Samsung plans to begin selling later this month a cellular telephone that includes a hard-disk drive. The handset was unveiled as the International Telecommunication Union (ITU) Telecom Asia 2004 event.
It is the first cell phone of its kind in the world.
The SPH-V5400 was a clam-shell type cell phone and the hard-disk drive had a capacity of 1.5GB, a Samsung spokesperson, said Lee Yoorim, said.
The storage space can be used for several types of media including images photographed with the built-in, megapixel-class digital still camera or music files. The handset can play music files stored in MP3 format and has a built-in FM transmitter so that music can be played through a nearby radio.
Other functions include TV output, dual speakers, 64-tone polyphonic ringer and dual liquid crystal display (LCD) panels. The main screen is a thin film transistor (TFT) LCD with 240 pixel x 320 pixel resolution and the sub screen is an organic light emitting diode (OLED) display with 128 pixel x 128 pixel resolution.
Samsung planned to put the cell phone on sale in South Korea before the end of September, Lee said.
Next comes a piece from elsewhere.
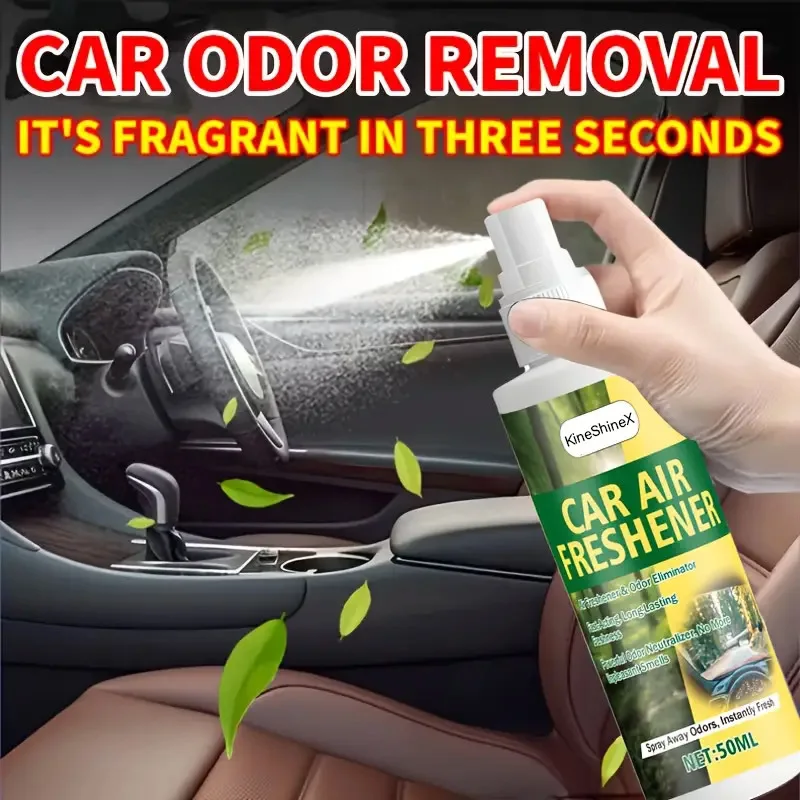 50ML Car Air Freshener And Odor Eliminator,Long-Lasting Natural Freshness Deodorant For Car Interiors,Home And Multi-Surface Use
The phone was compatible with the CDMA2000 1x EvDO standard and would cost about $US800, she said.
The possibility of putting hard-disk drives into cellular telephones began to be talked about seriously about a year ago. As cellular telephones have added multimedia functions such as music players and still and movie cameras, their manufacturers have been increasing the amount of installed memory. Coinciding with this demand for more storage space, hard-disk drive makers have been looking at shrinking drives to the sub 1-inch level.
Several models of 1-inch hard-disk drive are now available from companies including Hitachi Global Storage Technologies, Cornice and GS Magicstor. In January, Toshiba demonstrated a prototype 0.85-inch drive and Seagate Technology said, in June, that it would begin selling a 1-inch drive during the third quarter.